Action Replay – Downhill journey

Participatory sport is about enjoyment and exercise, but the professional version is about financial achievement and the glory of winning. The other side of success is of course failure, and there has been quite a lot of, not just not succeeding, but actually failing in recent weeks.

Leicester City won football’s Premier League in 2016 and the FA Cup in 2021, but they have just been relegated to League One, the third tier of English football. Frequent changes of manager have not helped (a common occurrence in such cases), nor has the death of owner Vichai Srivaddhanaprabha in a helicopter accident two years ago. The club has been losing money, and relegation is likely to exacerbate this.

Chelsea won last year’s Club World Cup, but lost six consecutive league games and are unlikely to qualify for next season’s Champions League. Their last manager lasted just 23 matches, after being given a six-year contract. Large transfer payments and UEFA financial regulations mean they will have trouble improving their squad of players. Supporters have questioned the competence and commitment of the owners.

Burnley have been relegated to the Championship after just one season in the Premier League. Loans to buy players have created further financial problems, and again the company that owns the club has become unpopular and seems to have little idea of how to turn things round.

It’s not just football. In cricket Middlesex have been embroiled in problems, including legal disputes with previous bosses and, again, several coaches in a season. They won the County Championship most recently in 2016, when they were unbeaten. They are now in the second division, and a group of former players have stated that the club is ‘drifting towards irrelevance’.

Sussex are also having difficulties. They overestimated potential income, and were deducted twelve points in this season’s Championship. With many players likely to leave at the end of the season, their future success is in doubt. Not being in the Hundred competition considerably reduces their income.
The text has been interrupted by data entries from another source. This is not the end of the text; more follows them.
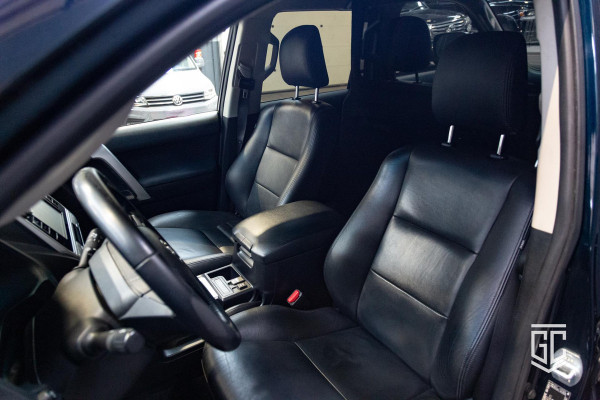 Toyota Land Cruiser 2.8 D-4D-F Challenger Window Van Toyota Land Cruiser 2.8 D-4D-F Challenger Window Van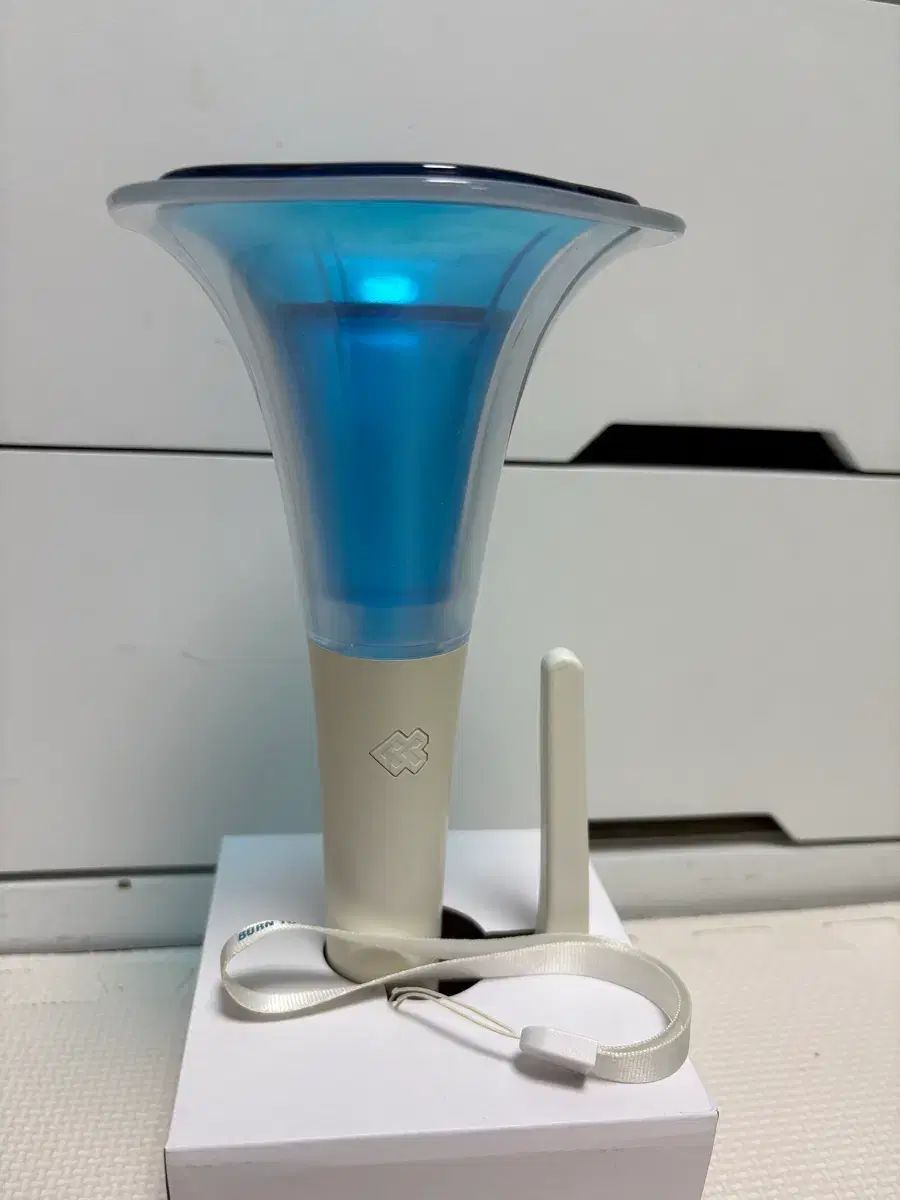 BTOB ペンライト - ☆ LIGHT STICK OFFICIAL : ♪ ストラップ付き の
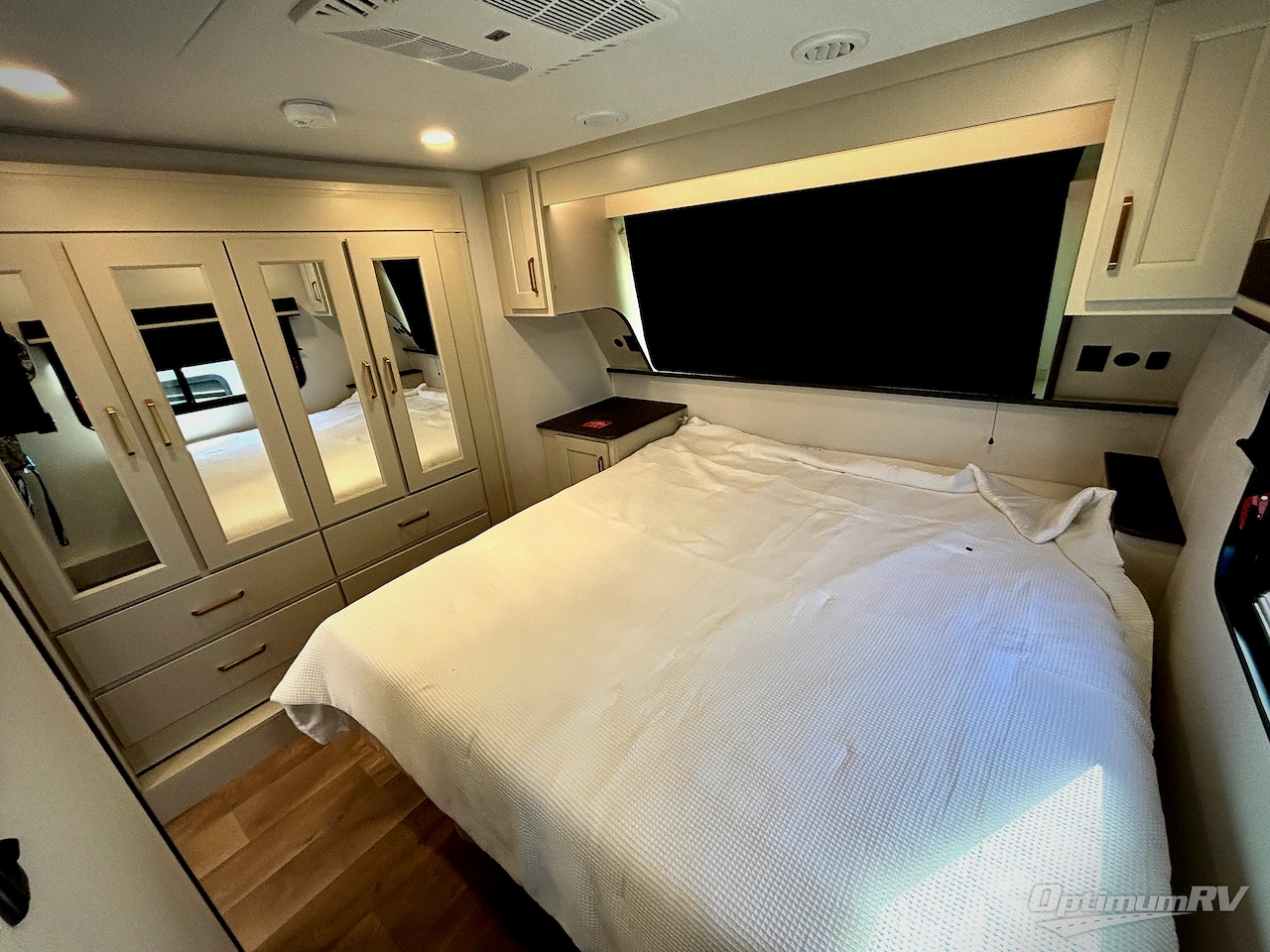 2026 Grand Design Influence 3804DS Photo 17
In golf, Saudi Arabia will withdraw their funding for the LIV tournaments next season, which means that LIV will be scrambling around looking for potential investors. The sizeable financial losses involved may make this hard, though. It was all sportswashing, of course, but this has not exactly worked out.

You do sometimes wonder how the capitalists that own and control big sporting organisations and so often run them into the ground have managed to make billions from other companies they own. Maybe sport is just even more unpredictable than ‘ordinary’ capitalist markets.